**SOURCE MATERIAL**
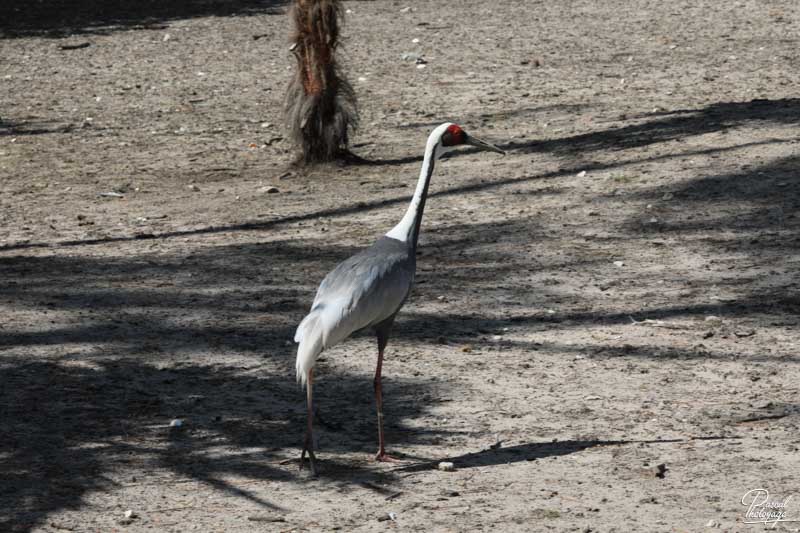 Zoo du bassin d'Arcachon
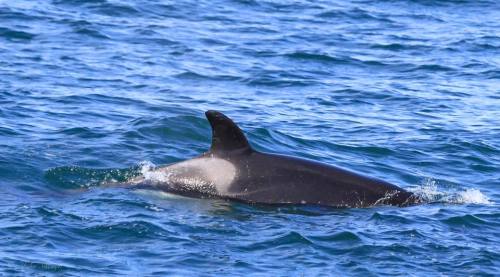 californiatransients:Emma’s pod, the CA140′s (plus adopted adult male CA163 Liner), return to Mont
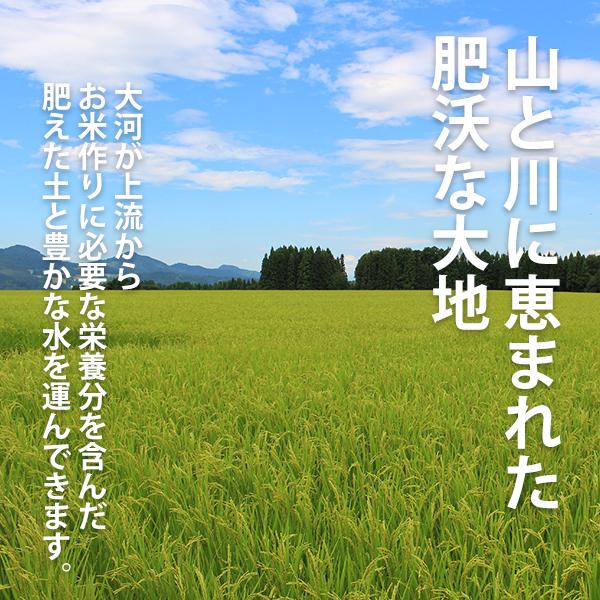 魚沼産コシヒカリ 令和5年 新米  令和5年 新米   極上 特別栽培米 低農薬 5kg 5キロ   うるち米（精白米） コシヒカリ プレゼント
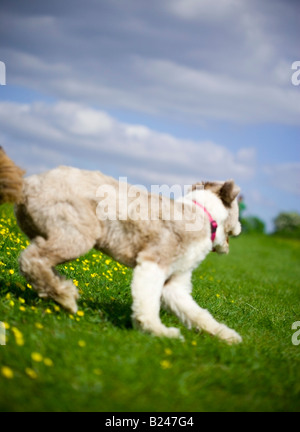 Bearded Collie chien qui court dans la campagne britannique Banque D'Images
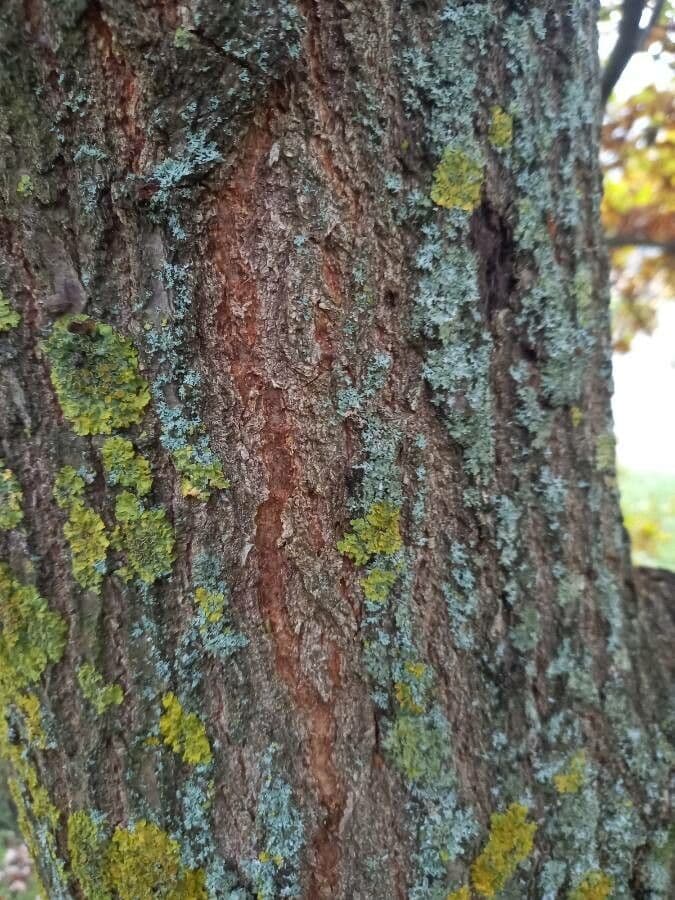 Quercia comune 25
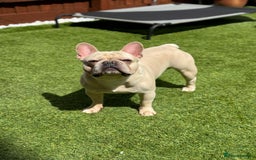 French Bulldog dogs for stud: 🌟🔥LILAC PLATINUM KC REG FRENCH BULLDOG STUD🔥🌟 in Uxbridge - Image 6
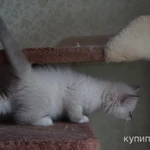 Фото №6 невские маскарадные котята для Вас (питомник)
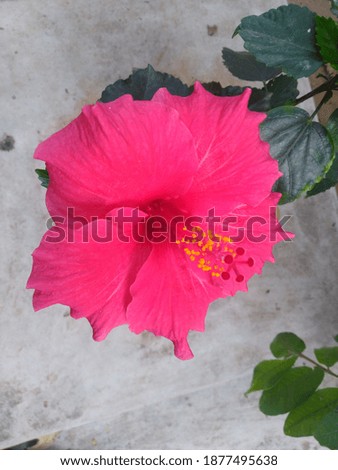 Pink China Rose Flower closeup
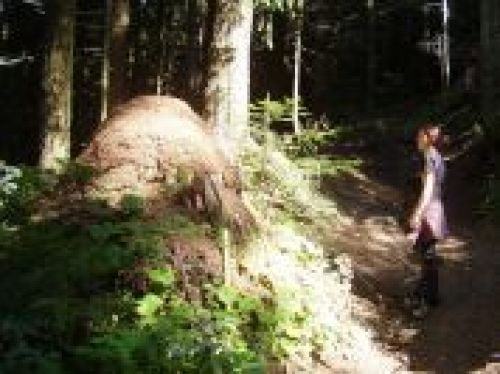 Immagine per il contenuto "Attività estive nella Riserva Boschi del Giovetto di Paline (BS)"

**TASK BRIEF**
Transcribe exactly, and only, the lines from the one with "Pink China Rose Flower closeup" through the final line of the data above. The pictures stay out.

**RESPONSE TO THE TASK**
 Pink China Rose Flower closeup
 Immagine per il contenuto "Attività estive nella Riserva Boschi del Giovetto di Paline (BS)"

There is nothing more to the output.